I didn’t say anything. The good detective did have a way of cutting to the heart of the matter.

“But why your daughter?” she asked relentlessly. “Trust me, I don’t fault you for plugging Brian with three in the chest. But what the hell made you turn on your own kid?”

“What did Shane have to say?” I asked.

D.D. frowned at me. “You mean before or after your loser friend tried to deck me?”

I whistled low. “See, this is what happens. You hit your first woman, and it gets easier after that.”

“Were you and Brian arguing?” Bobby spoke up now. “Maybe the fight turned physical. Sophie got in the way.”

“I reported for duty Friday night,” I said, looking out the window. Fewer houses, more woods. We were getting close. “I haven’t seen my daughter alive since.”

“So Brian did it?

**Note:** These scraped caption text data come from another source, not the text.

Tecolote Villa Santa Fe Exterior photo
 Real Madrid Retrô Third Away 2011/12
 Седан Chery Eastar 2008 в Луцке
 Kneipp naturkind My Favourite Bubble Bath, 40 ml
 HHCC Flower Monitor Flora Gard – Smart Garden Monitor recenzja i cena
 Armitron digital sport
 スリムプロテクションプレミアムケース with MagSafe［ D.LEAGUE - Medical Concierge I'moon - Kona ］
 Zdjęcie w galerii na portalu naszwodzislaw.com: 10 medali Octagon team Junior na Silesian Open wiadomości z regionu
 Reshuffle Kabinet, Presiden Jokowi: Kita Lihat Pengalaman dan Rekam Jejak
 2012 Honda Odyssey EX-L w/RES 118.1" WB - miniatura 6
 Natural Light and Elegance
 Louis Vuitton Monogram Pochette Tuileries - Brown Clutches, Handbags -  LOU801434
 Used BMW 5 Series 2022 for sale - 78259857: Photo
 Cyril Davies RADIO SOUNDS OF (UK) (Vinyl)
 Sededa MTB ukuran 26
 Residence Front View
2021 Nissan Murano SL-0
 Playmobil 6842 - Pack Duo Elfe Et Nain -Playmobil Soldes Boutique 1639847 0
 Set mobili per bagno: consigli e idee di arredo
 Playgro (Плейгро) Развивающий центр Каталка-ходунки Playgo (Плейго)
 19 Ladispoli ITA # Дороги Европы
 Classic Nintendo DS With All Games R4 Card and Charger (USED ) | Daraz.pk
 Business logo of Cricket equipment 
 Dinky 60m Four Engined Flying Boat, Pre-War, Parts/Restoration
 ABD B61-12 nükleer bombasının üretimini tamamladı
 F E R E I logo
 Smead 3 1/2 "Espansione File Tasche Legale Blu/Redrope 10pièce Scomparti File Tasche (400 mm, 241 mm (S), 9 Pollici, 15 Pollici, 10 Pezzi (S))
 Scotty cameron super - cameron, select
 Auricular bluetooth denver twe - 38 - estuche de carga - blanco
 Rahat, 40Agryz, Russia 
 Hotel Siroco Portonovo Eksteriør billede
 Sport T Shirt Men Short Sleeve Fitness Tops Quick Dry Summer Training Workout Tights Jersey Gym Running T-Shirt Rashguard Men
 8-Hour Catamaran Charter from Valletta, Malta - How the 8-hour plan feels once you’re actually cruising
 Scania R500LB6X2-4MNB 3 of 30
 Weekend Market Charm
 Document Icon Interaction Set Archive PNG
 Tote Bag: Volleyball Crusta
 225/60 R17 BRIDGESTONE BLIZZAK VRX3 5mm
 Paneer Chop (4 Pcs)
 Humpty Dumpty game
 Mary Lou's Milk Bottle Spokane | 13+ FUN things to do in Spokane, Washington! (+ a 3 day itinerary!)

Why not just blame him? Why cover it up, concoct such an elaborate story?”

“Shane didn’t believe me. If he couldn’t, then who would?”

Red-painted apple stand, off to the left. Empty now, but sold the best glasses of cider in the fall. We had come here just seven months ago, drinking apple cider, going on a hay ride, then visiting the pumpkin patch. Is that what had brought me back, Saturday afternoon when my heart had been pounding and the daylight fading and I had felt like a Looney Tune, crazed by grief and panic and sheer desperation? I’d had to move, fast, fast, fast. Less thinking. More doing.

Which had brought me here, to the place of our last family outing before Brian shipped out for the fall. One of my last happy memories.

Sophie had loved this apple stand. She’d consumed three cups of cider and then, hopped up on fermented sugar, had run laps in the pumpkin patch before picking out not one pumpkin, but three. A daddy pumpkin, a mommy pumpkin, and a girl pumpkin, she’d declared. A whole entire pumpkin family.

“Can we, Mommy? Can we can we can we? Please, please, please.”